Des décennies durant, il a incarné la lutte pour l'indépendance des
Palestiniens. Dix ans après sa mort, Yasser Arafat reste un héros
national pour le peuple palestinien qui attend toujours son Etat.
Lorsqu'il décède le 11 novembre 2004, il est le président d'une Autorité
palestinienne moribonde, au statut flou. Dix ans plus tard, son
successeur Mahmud Abbas a obtenu à l'ONU le statut d'Etat observateur.

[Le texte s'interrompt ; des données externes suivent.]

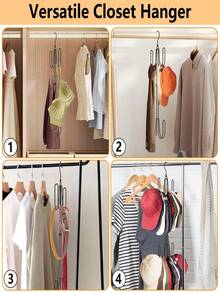 Metal Hat Organizer Hanger, Multi-Layer Baseball Cap Storage Rack, Space Saving Closet Hanging Hook Holder For Caps, Bags, Scarves - Multicolor - View 4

Mais dans les faits, les Palestiniens espèrent encore leur Etat, 66 ans
après la création d'Israël.
Si la reconnaissance internationale se fait toujours attendre, Arafat
reste pour eux "un symbole national car il est vu comme celui qui n'a
jamais abdiqué et a dévoué sa vie à la cause", dit Nathan Brown, du
centre Carnegie.
Jusqu'aux derniers jours, assiégé dans son QG de Ramallah, des
bulldozers israéliens postés sous ses fenêtres, il est celui qui a tenu
tête à Israël. Pour cela, affirme Karim Bitar, de l'Institut de
relations internationales et stratégiques (IRIS), "la cause
palestinienne a été identifiée à la personne d'Arafat".
"Sa victoire, c'est d'être parvenu à faire passer la Palestine d'une
cause humanitaire à une véritable question nationale", renchérit Xavier
Abou Eid, un porte-parole de l'Organisation de libération de la
Palestine (OLP), fondée et dirigée par Arafat jusqu'à sa mort.
Car celui qui fin 1974 lançait à l'ONU "je suis venu porteur d'un rameau
d'olivier et d'un fusil de révolutionnaire, ne laissez pas tomber le
rameau de ma main" a finalement fait le choix de la solution
diplomatique, entamant un difficile processus de paix, au point mort
depuis 2000.
Dénoncé
comme un "terroriste" par les Israéliens, chassé de Jordanie en 1970 ou
du Liban en 1982, Arafat s'est glissé dans les habits de leader en
quête d'un Etat --sans jamais quitter son treillis et son keffieh.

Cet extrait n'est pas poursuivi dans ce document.